Peter Bouha / 05.07.2017

Wie aufschlussreich und treffend geschrieben. Das Elend muss noch größer werden, damit noch mehr daran verdienen. Unsummen an Entwicklungshilfe haben das Elend noch verschärft. Veränderungen wird es nur geben, wenn der Schmerz unerträglich wird. Sonst - mit Hilfe für Afrika - weiter so wie bisher.

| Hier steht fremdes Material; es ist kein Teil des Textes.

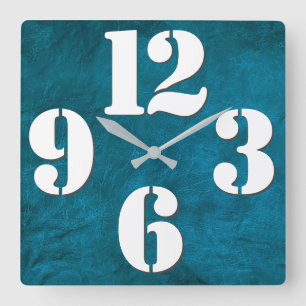 Horloge Carrée Bold Number Face On Teal Square Wall Clock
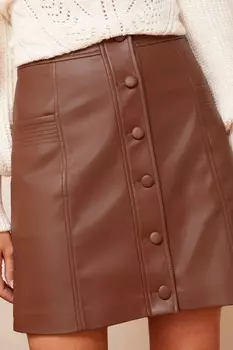 Из искусственной кожи с карманами и застежкой на пуговицы Love & Roses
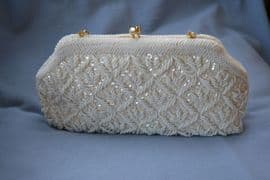 Vintage Clutch Purse of Evening Bag 1950s - 1960s Sequins and Beads in a Trellis Pattern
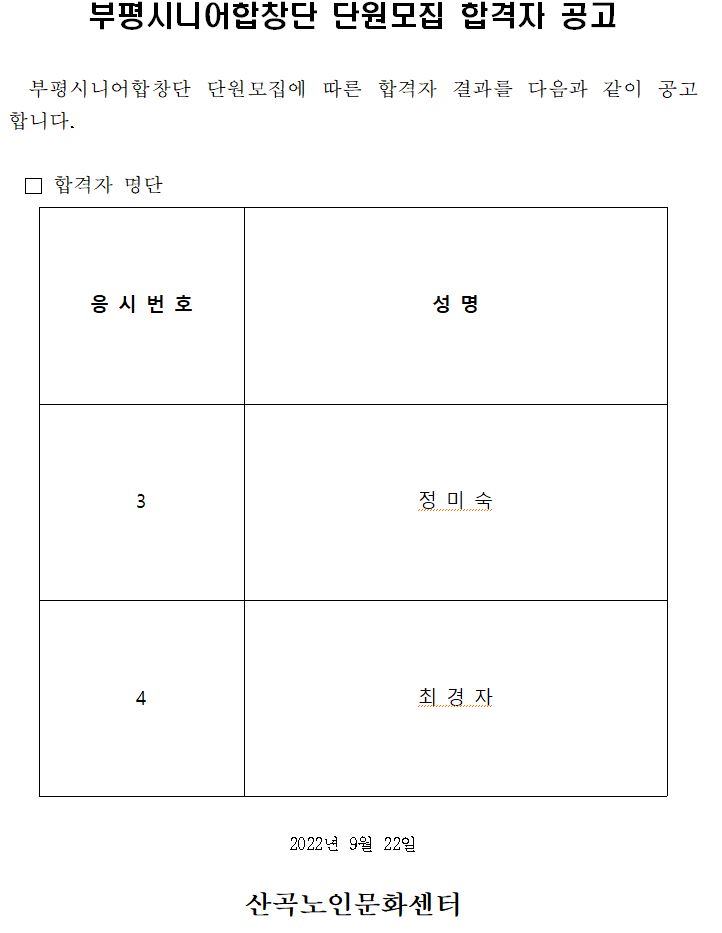 부평시니어합창단 추가 단원모집 합격자 공고의 1번째 이미지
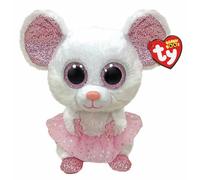 Ty Peluche Beanie Boos Medium Nina la souris 23 cm Rose et blanc TY36488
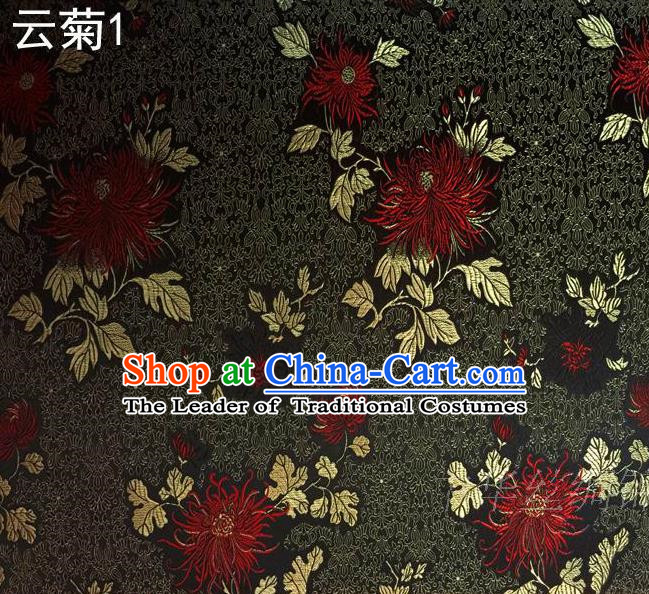 Traditional Asian Chinese Handmade Jacquard Weave Embroidery Red Chrysanthemum Satin Tang Suit Black Silk Fabric, Top Grade Nanjing Brocade Ancient Costume Hanfu Clothing Fabric Cheongsam Cloth Material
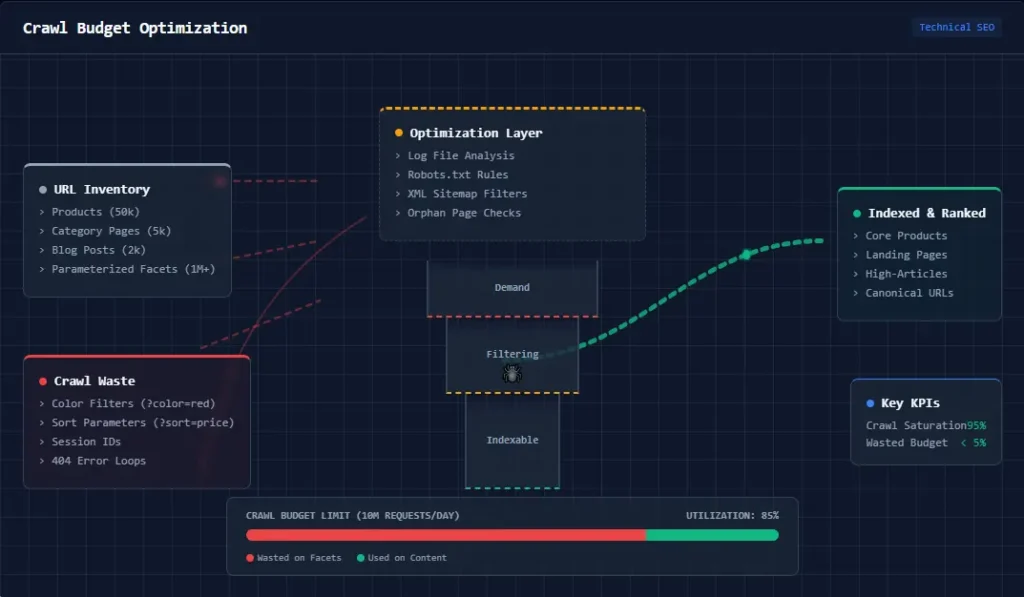 Crawl Budget Optimization Guide for Large Websites technical diagram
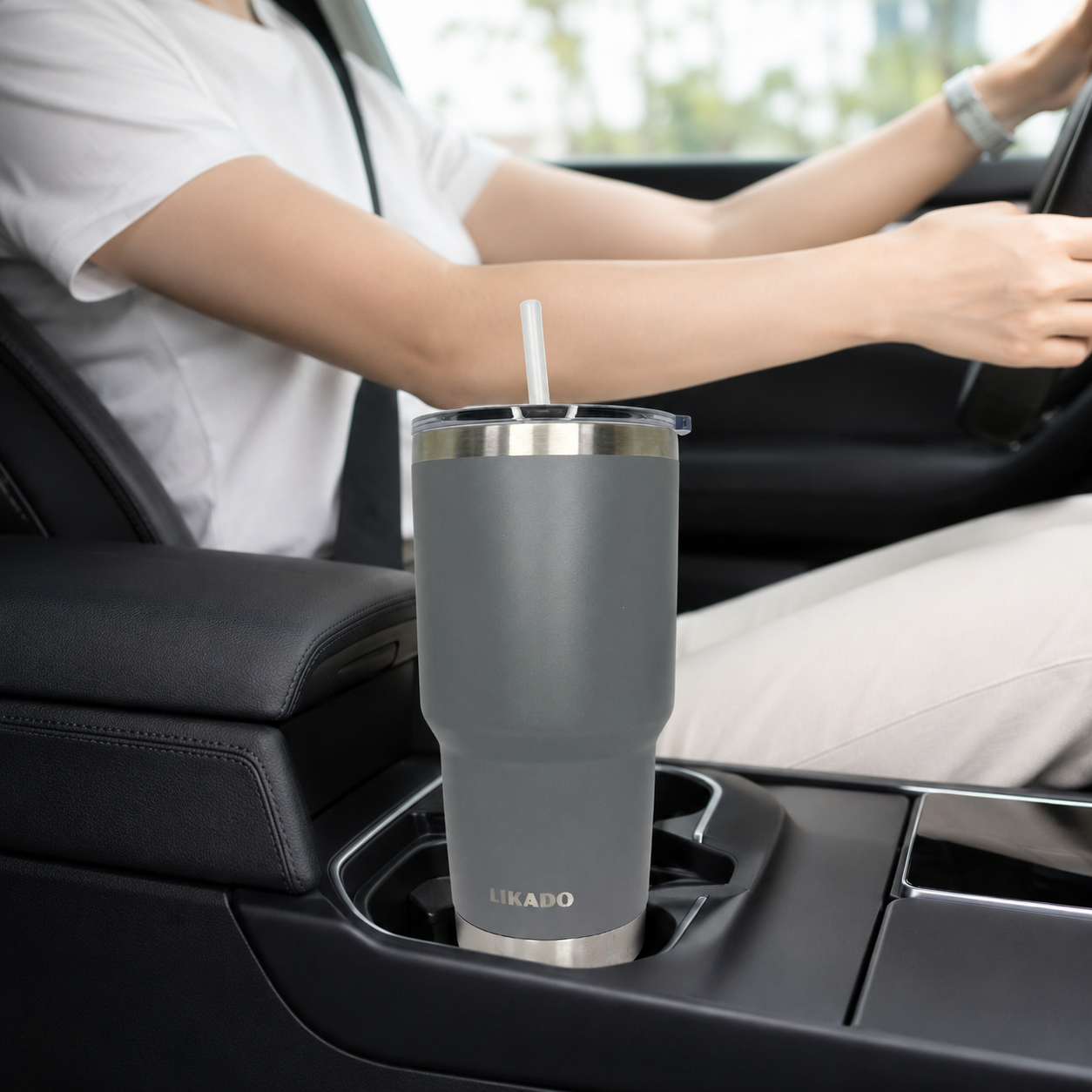Bình giữ nhiệt Likado inox 304 có ống hút dung tích 890ml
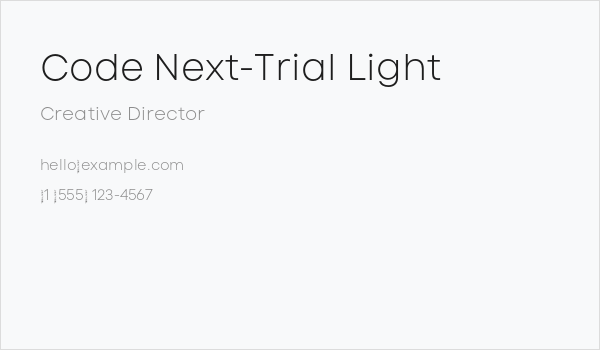 Code Next-Trial Light Business Card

Marcel Seiler / 05.07.2017

Die europäischen Fürsten des Absolutismus entwickelten ihre Länder, weil das für sie der einzige Weg war, reich zu werden. Die afrikanischen Eliten von heute hingegen werden reich, indem sie die Rohstoffe ihrer Länder und ihre Völker ausbeuten und das damit verdiente Vermögen in der westlichen Welt anlegen. Um ihren Bevölkerungsüberschuss kümmern sie sich nicht, weil sie ihn in den Westen exportieren können. Afrikas Nationen sollten gezwungen werden, Kapital- und Bevölkerungsexport einzustellen. – Volker Seitz möchte ich für seine Beiträge zu Afrika herzlich danken.

Gunnar Sturm / 05.07.2017

Gegenthese: wir haben eine viel zu niedrige Geburtenrate, deshalb brauchen den Zuzug junger, motivierter Afrikaner. Wie so oft: Afrika und Europa sind sehr komplimentär und könnten gemeinsam “eine noch bessere Achse bilden ;-) “

Sabine Herrmann / 05.07.2017

Danke für diese Sichtweite. Als Normalbürger habe ich solche Schlüsse schon mehrfach gezogen und wundere mich, dass man nichts darüber hört. Wenn eine Afrikanerin feststellt, dass sie EIN Kind nicht ernähren kann, bekommt sie noch ein paar Kinder. Dann werden traurige Kinderaugen im Fernsehen gezeigt und auf Spenden gehofft. Viele deutsche Kinder sind nicht geboren, weil deutsche Frauen vernünftig sind. Kinder schränken den beruflichen Weg ein. Da wird über weitere Kinder genau nachgedacht. Würde der Staat Sicherheiten für Frauen mit Kindern bieten, hätten wir weniger demographische Probleme. Möglichkeiten wären z.B. Grundeinkommen für Frauen mit Kindern oder Förderung von Teilzeitstellen oder Belohnung für Unternehmer, die Frauen mit Kindern einstellen. Da nichts dergleichen von der Regierung umgesetzt wird, ist davon auszugehen, dass die negative demographische Entwicklung gewünscht ist. Finanzielle Mittel sind ja genügend da. Hauptsache es wird nicht für die eigenen Leute ausgegeben. Dass Afrika sich selbst helfen muss, ist genau die richtige Einstellung. Wir sind an den Verhältnissen in Afrika nicht schuld. Jedes Land muss sich aus seinen Problemen selbst herauskämpfen und seinen ganz eigenen Weg finden.

R. Kuth / 05.07.2017

Der dekadente Westen vergnügt sich mit fruchtloser Ehe für alle, rettet das Klima und der afrikanische Kontinent sorgt für Nachschub - oder so ähnlich.

Leo Anderson / 05.07.2017

Lieber Herr Seitz, warum sollten afrikanische Politiker “das drängendste Problem, das ungezügelte Bevölkerungswachstum wirksam” angehen, wenn für sie “viele Kinder zu haben, ist ein Symbol von Männlichkeit” ist, und “ihre Macht vom Kinderreichtum ihrer Volksgruppe” abhängt? Und wenn der “Schlüssel zur Reduzierung der Geburtenrate in der besseren Schulbildung für junge Frauen” liegt, diese Frauen aber “dem Willen der Männer ausgeliefert sind,” wie soll das funktionieren? ——Es gibt keine “Hilfe” für Afrika. So wie in Europa die Pest und der Dreißigjährige Krieg die Geburtshelfer der Neuzeit waren, so wird Afrika wohl erst durch eine demographische Katastrophe reformiert. Wenn überhaupt.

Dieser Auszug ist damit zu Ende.